Custom video source

Custom video capture refers to the collection of a video stream from a custom source. Unlike the default video capture method, custom video capture enables you to control the capture source, and precisely adjust video attributes. You can dynamically adjust parameters such as video quality, resolution, and frame rate to adapt to various application scenarios. For example, you can capture video from high-definition cameras, and drone cameras.

Agora recommends default video capture for its stability, reliability, and ease of integration. Custom video capture offers flexibility and customization for specific video capture scenarios where default video capture does not fulfill your requirements.

Video SDK provides a custom video track method for video self-collection. You create one or more custom video tracks, join channels and publish the created video tracks in each channel. You use the self-capture module to drive the capture device, and send the captured video frames to the SDK through the video track.

The following figure shows the video data transmission process when custom video capture is implemented in a single channel or multiple channels:

• Publish to a single channel

  

• Publish to multiple channels

  

Use custom video capture in the following industries and scenarios:

Specialized video processing and enhancement

In specific gaming or virtual reality scenarios, real-time effects processing, filter handling, or other enhancement effects necessitate direct access to the original video stream. Custom video capture facilitates this, enabling seamless real-time processing and enhances the overall gaming or virtual reality experience for a more realistic outcome.

High-precision video capture

In video surveillance applications, detailed observation and analysis of scene details is necessary. Custom video capture enables higher image quality and finer control over capture to meet the requirements of video monitoring.

Capture from specific video sources

Industries such as IoT and live streaming often require the use of specific cameras, monitoring devices, or non-camera video sources, such as video capture cards or screen recording data. In such situations, default Video SDK capture may not meet your requirements, necessitating use of custom video capture.

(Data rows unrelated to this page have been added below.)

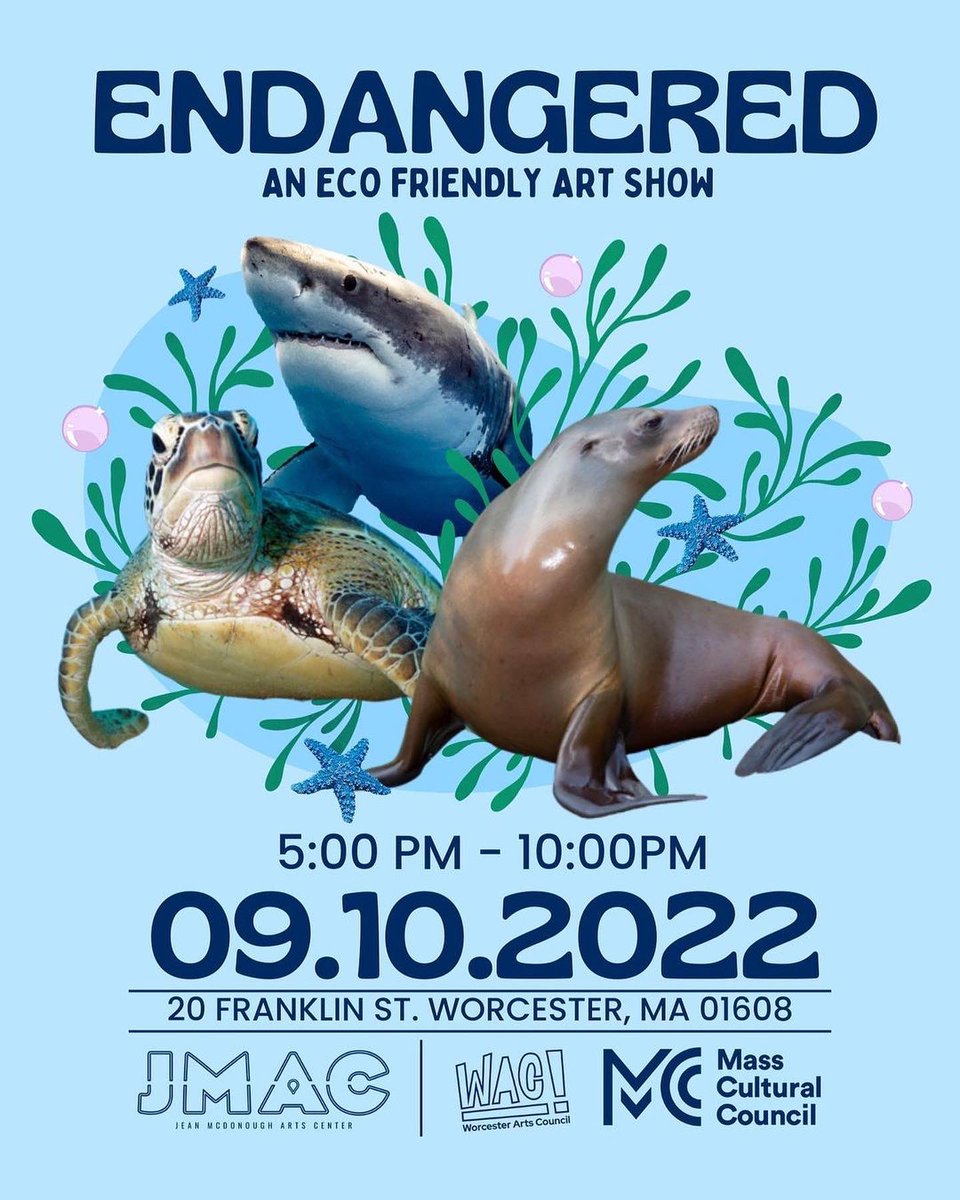 WorcARTS's tweet photo. Check out Endangered: An Eco Friendly Art Show, curated by 2022 WAC Fellow Sharinna Travieso and featuring the work of many talented local artistsโ this weekend at @jmacworcester! #wacfunded ๐ฆ๐๐ฆญ๐ข
Find out more at https://t.co/Fi9yvmIkF5. https://t.co/FTFTPxHLX6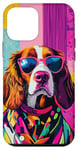 Coque pour iPhone 12 mini Pop Art PopArt Épagneul Springer gallois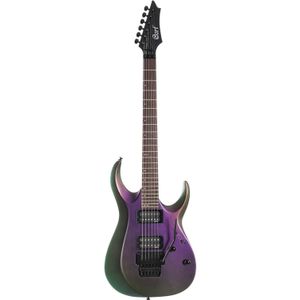 Cort X300 Flip Purple elektrische gitaar met pearlescent afwerking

Seamless integration with specific devices or third-party applications

In smart home or IoT applications, transmitting video from devices to users' smartphones or computers for monitoring and control may require the use of specific devices or applications for video capture. Custom video capture facilitates seamless integration of specific devices or applications with the Video SDK.

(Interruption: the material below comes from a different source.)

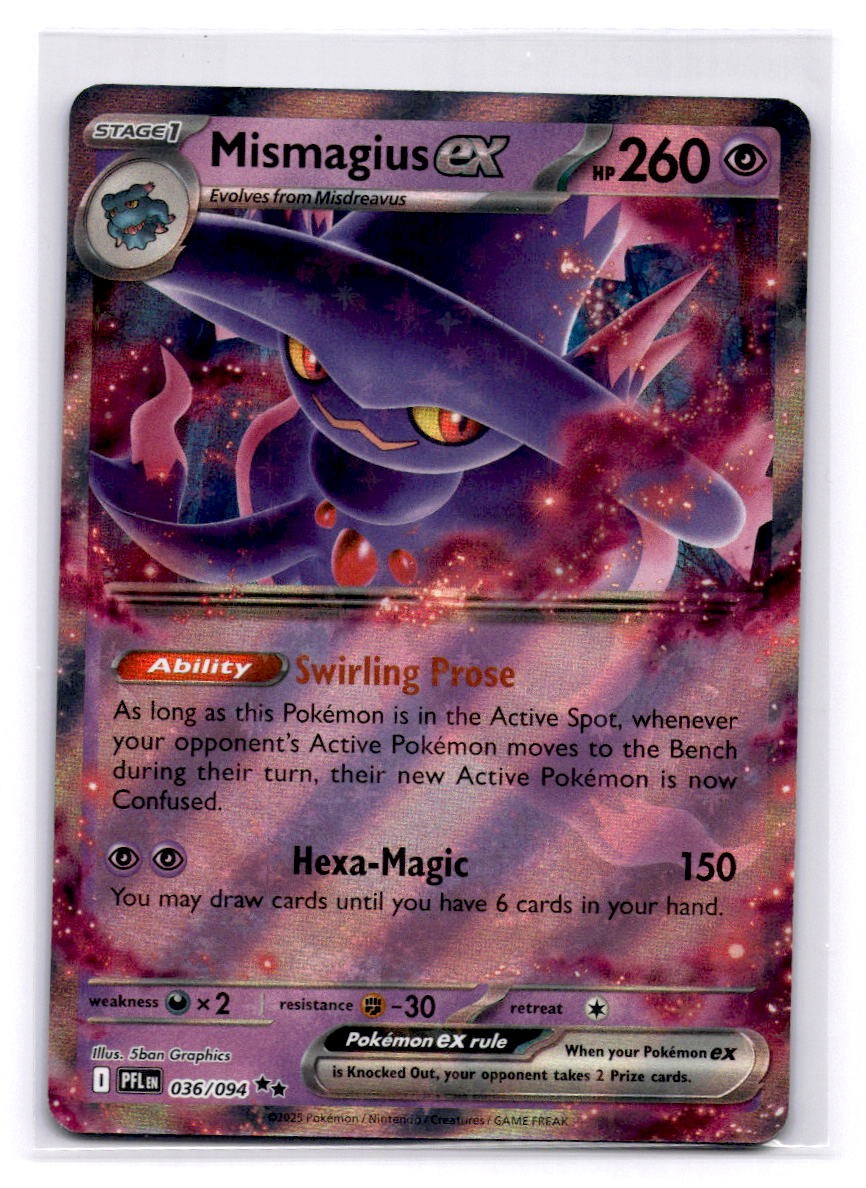 Mismagius ex - Double Rare ME02: Phantasmal Flames 036/094 LP-NM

Specific video encoding formats

In certain live streaming scenarios, specific video encoding formats may be needed to meet business requirements. In such cases, Video SDK default capture might not suffice, and custom video capture is required to capture and encode videos in specific formats.

Using custom video capture offers the following advantages:

More types of video streams

Custom video capture allows the use of higher quality and a greater variety of capture devices and cameras, resulting in clearer and smoother video streams. This enhances the user viewing experience and makes the product more competitive.

More flexible video effects

Custom video capture enables you to implement richer and more personalized video effects and filters, enhancing the user experience. You can implement effects such as beautification filters and dynamic stickers.

Adaptation to diverse scenario requirements

Custom video capture helps applications better adapt to the requirements of various scenarios, such as live streaming, video conferencing, and online education. You can customize different video capture solutions based on the scenario requirements to provide a more robust application.

Ensure that you have implemented the SDK quickstart in your project.

The following figure shows the workflow you implement to capture and stream a custom video source in your app.

Take the following steps to implement this workflow:

1. Create a custom video track

   To create a custom video track and obtain the video track ID, call createCustomVideoTrack after initializing an instance of IRtcEngine. To create multiple custom video tracks, call the method multiple times.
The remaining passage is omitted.